Once you find the line with "UNDERARM/BIKINI AREA EPILATION" in the data that follows, repeat it and every line after it exactly, through the line with "Gastric Sleeve Surgery | Duke Health".

• _GIVEN DATA_
━━━━━━━━━━━━━━━━━━━━━━━━━━━━━━

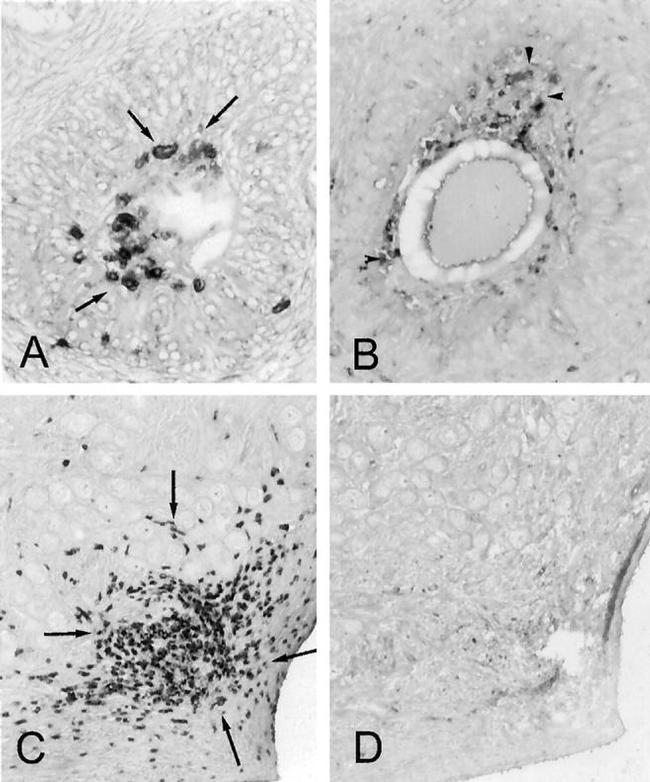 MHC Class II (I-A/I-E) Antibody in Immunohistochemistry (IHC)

━━━━━━━━━━━━━━━━━━━━━━━━━━━━━━

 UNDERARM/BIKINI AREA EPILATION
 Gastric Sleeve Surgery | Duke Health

━━━━━━━━━━━━━━━━━━━━━━━━━━━━━━

• _OUTPUT FOR THIS TASK_
 UNDERARM/BIKINI AREA EPILATION
 Gastric Sleeve Surgery | Duke Health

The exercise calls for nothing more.